After losing out on Ohtani, who recently inked a record-breaking deal with the Dodgers, the Phillies clarity about breaking bank to land ACE starter

Phillies Don’t Pony Up For Ohtani

Well, the Philadelphia Phillies can officially put to bed any Shohei Ohtani rumors that had been linked to them throughout portions of the offseason. The Japanese phenom signed a historic 10-year, $700 million deal with the Los Angeles Dodgers that will hand out the most guaranteed money to a single player in North American sports history. Knowing the contract that Ohtani received, it now makes sense as to why the Phillies seemed further and further away from signing the superstar after each passing week.

Philadelphia will carry a salary of roughly $223 million during the 2024 season according to Spotrac. That puts them as having the second-highest payroll of any team in Major League Baseball. Signing Ohtani to a contract of that magnitude would have made it very difficult for them to address other needs the roster has now and in the future. President of baseball operations, Dave Dombrowski, said he doesn’t think the Phillies have too many holes heading into the new year after getting Aaron Nola back on a seven year deal. But, there’s no doubt that every baseball executive would have liked to add Ohtani if they could.

He’s the best player in the sport, excelling at both pitching and hitting.
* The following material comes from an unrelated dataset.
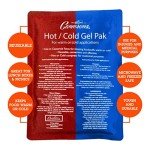 Camerons XL Hot & Cold Gel Pack 8"x11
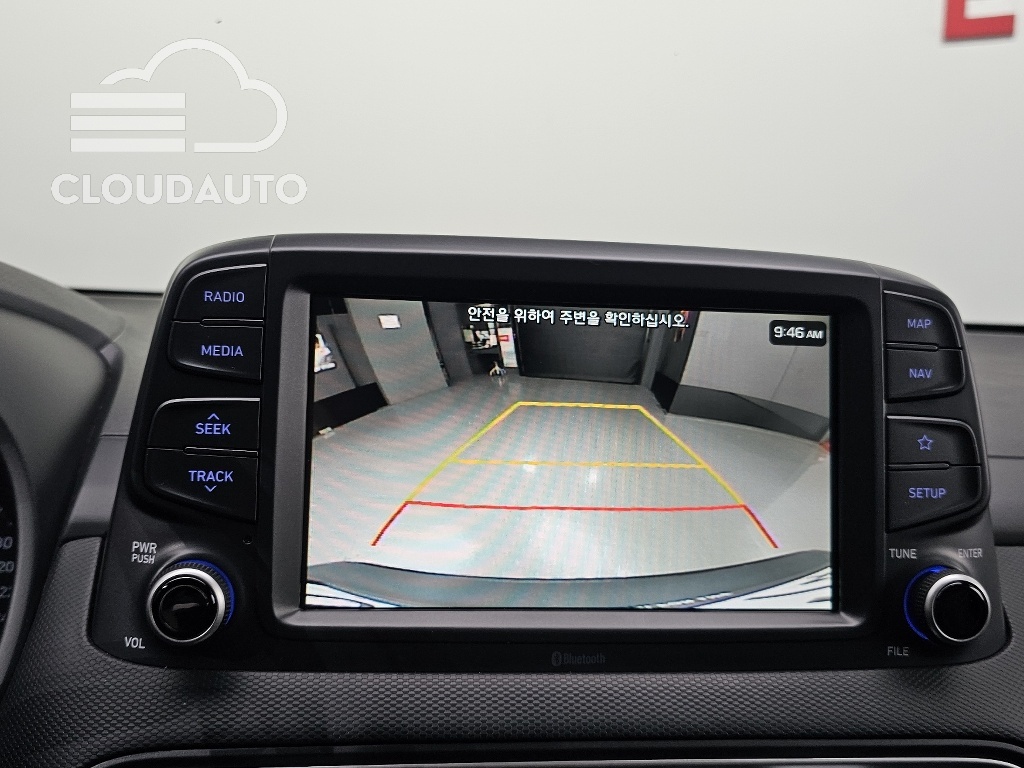 2018 Hyundai Kona 1.6 Turbo 2WD - Image 17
ESPN’s Jeff Passan makes an interesting note about how the Dodgers are structuring the superstar’s deal. “Shohei Ohtani’s contract has significant deferrals that include most of his salary — an idea, a source said, that was Ohtani’s. In deferring the money, it reduces the cost of the competitive-balance-tax hit and will allow the Dodgers to build a better team around him,” he reports. Knowing this, would Philadelphia have been more aggressive in their pursuit of the phenom? Potentially. They would have been able to remain competitive and add future pieces if necessary under this structure of Ohtani’s contract.

Still, adding a historic deal to an already high payroll might have been too much even for owner John Middleton’s aggressive spending.